Hilton Worldwide Holdings Inc (HLT.N), owner of the Conrad and Waldorf Astoria hotel brands, reported a better-than-expected 7 percent rise in quarterly revenue, as increased business travel in United States drove up occupancy rates.
The increase in travel due to the strengthening U.S. economy has resulted in tight supply of hotel rooms. Hilton gets about three-quarters of its revenue from the United States.
Revenue per available room (RevPAR) increased 6.8 percent at U.S. hotels open for at least a year in the fourth quarter ended Dec. 31, Hilton said.
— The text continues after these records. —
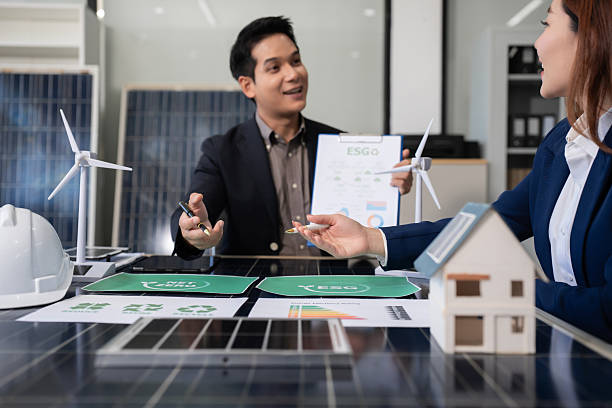 istock Sustainable development with renewable energy solutions, ecology concept, green business. 2210842495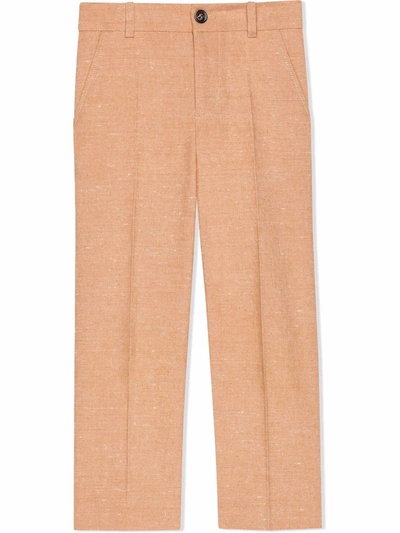 Gucci Kids' Embroidered Gg Straight Trousers In Neutrals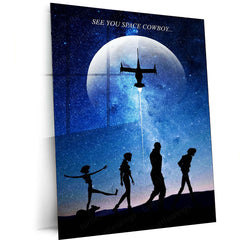 Anime Metal Poster | Cowboy Bebop – See You, Space Cowboy… | Iconic Anime Metal Frame Neo-Noir Space Odyssey Wall Art - TURTLEWINGS 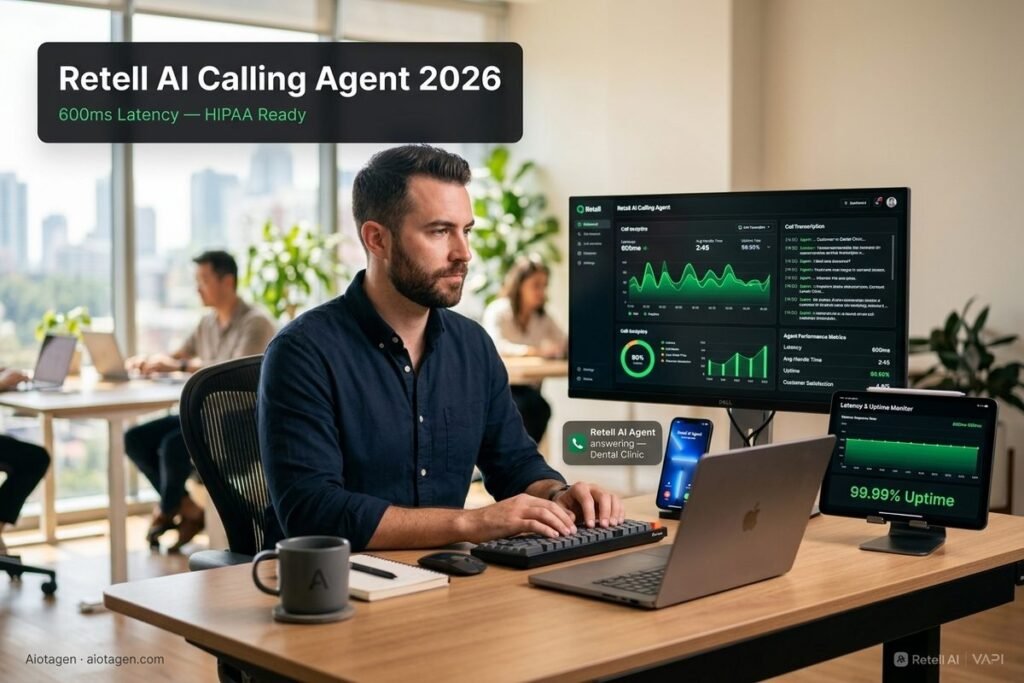 Retell AI calling agent 2026 showing voice agent dashboard with 600ms latency and HIPAA compliance — Aiotagen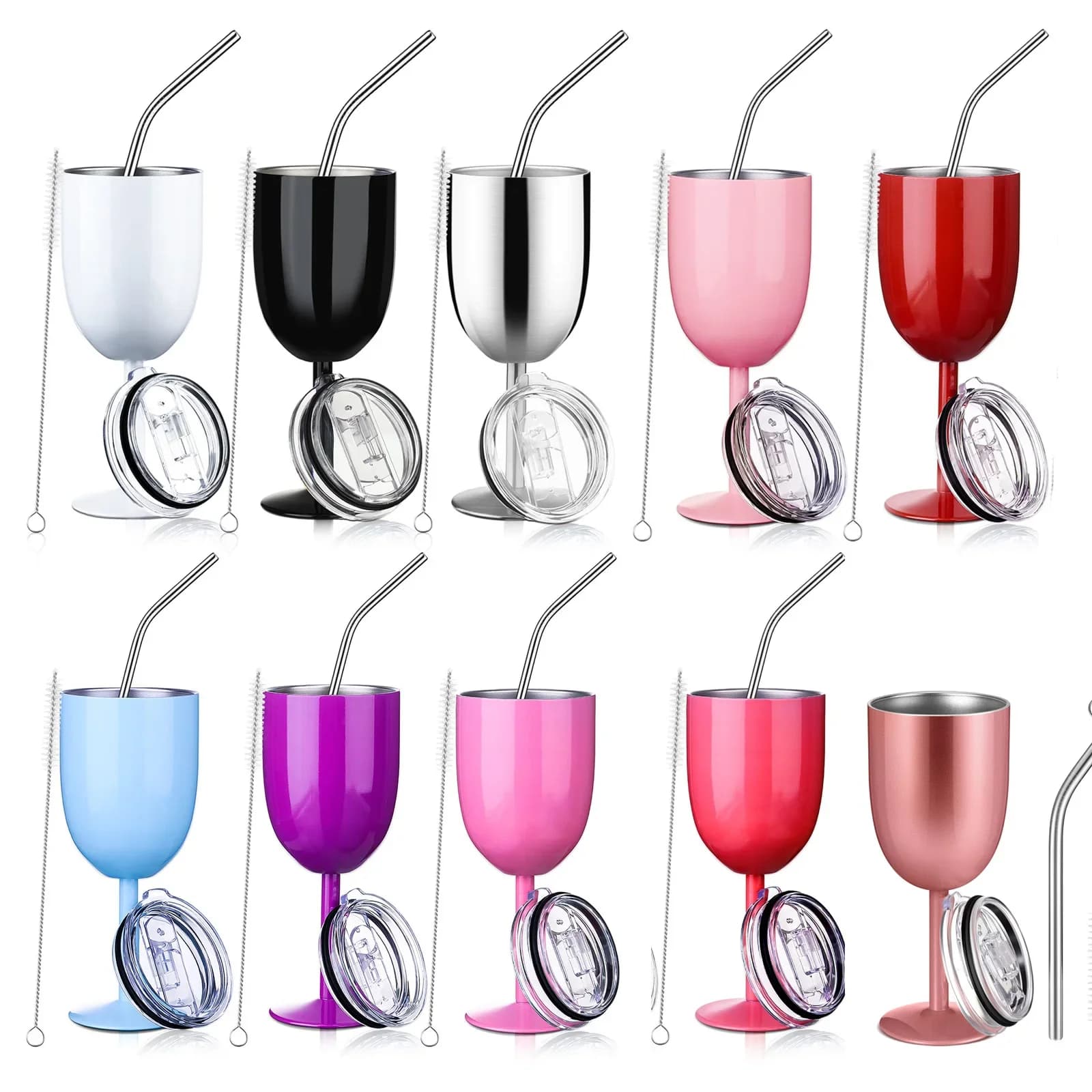 2PCS/4PCS 10oz Stemmed Stainless Steel Wine Glasses with Lid Double Wall Insulated Wine Tumbler Unbreakable Goblets Wine Glasses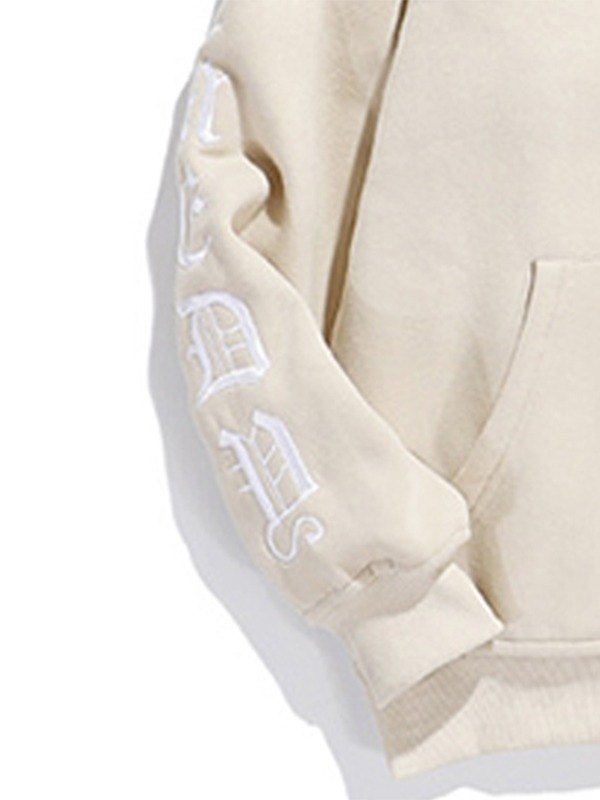 Sudadera con capucha y cremallera con letras góticas para hombre-2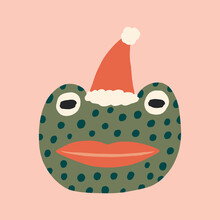Christmas Doodle Character Frog Santa Childish Cartoon Boho Naive Funky Handdrawn Style Art Vector 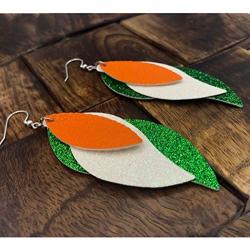 St Patricks Day Earrings for Women - Green & Orange Faux Leather Danglers - Green Irish Earrings - Green Day Jewelry - St Pattys Day Jewelry [SET OF 2]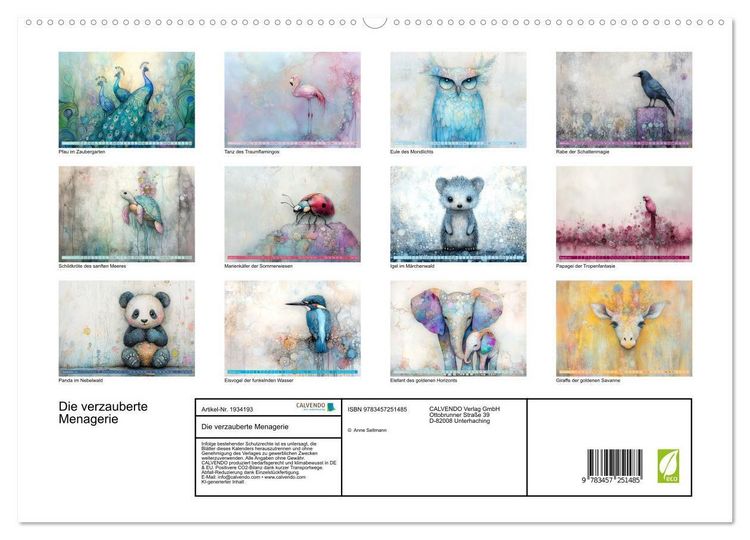Produktbild: Die verzauberte Menagerie (hochwertiger Premium Wandkalender 2026 DIN A2 quer), Kunstdruck in Hochglanz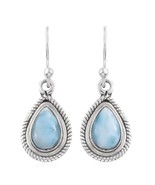 925 Sterling Silver Larimar  Gemstone Women Designer Earring - $50.18 CAD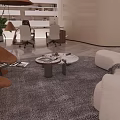 Modern Office Interior With Open Layout Desks Chairs Bookshelves Plant And Curved Wall
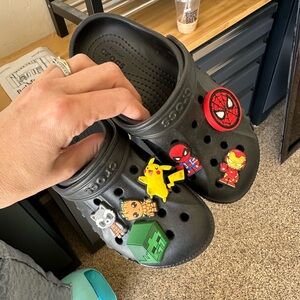 Crocs Black Clogs with Fun Charms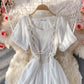 White lace A line short dress fashion dress  497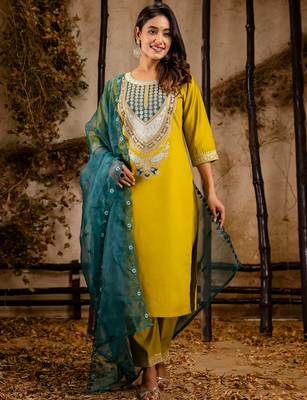 light-yellow fancy viscose rayon kurta set 2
Worldwide comparable RevPAR rose 6.6 percent. RevPAR, a metric of hotel health, is calculated by multiplying a hotel's average daily room rate by its occupancy rate.
Revenue rose to $2.83 billion from $2.64 billion a year earlier.
Net income attributable to shareholders rose to $158 million, or 16 cents per share, from $26 million, or 3 cents per share. On an adjusted basis, Hilton earned 17 cents per share.
Analysts on average expected a profit of 18 cents per share on revenue of $2.72 billion, according to Thomson Reuters I/B/E/S.
Hilton's fourth-quarter 2013 profit was adjusted for $306 million of pre-tax general, administrative and other expense, and $23 million of pre-tax interest expense, offset by a pre-tax gain on debt extinguishment of $229 million and an $87 million income tax benefit.
The company said it expects an adjusted profit of 10-12 cents per share for the first quarter. Analysts were expecting a profit of 15 cents per share.
Rival Starwood Hotels & Resorts Worldwide Inc (HOT.N), owner of the Sheraton and Westin brands, which has nearly half its properties outside North America, blamed a strong dollar for its lower-than-expected full-year profit forecast of $2.87-$2.97 per share.
Hilton's shares had risen about 10 percent this year up to Tuesday's close of $28.65 on the New York Stock Exchange, outperforming an about 1 percent rise in the Dow Jones U.S. Travel & Leisure Index .DJUSCG.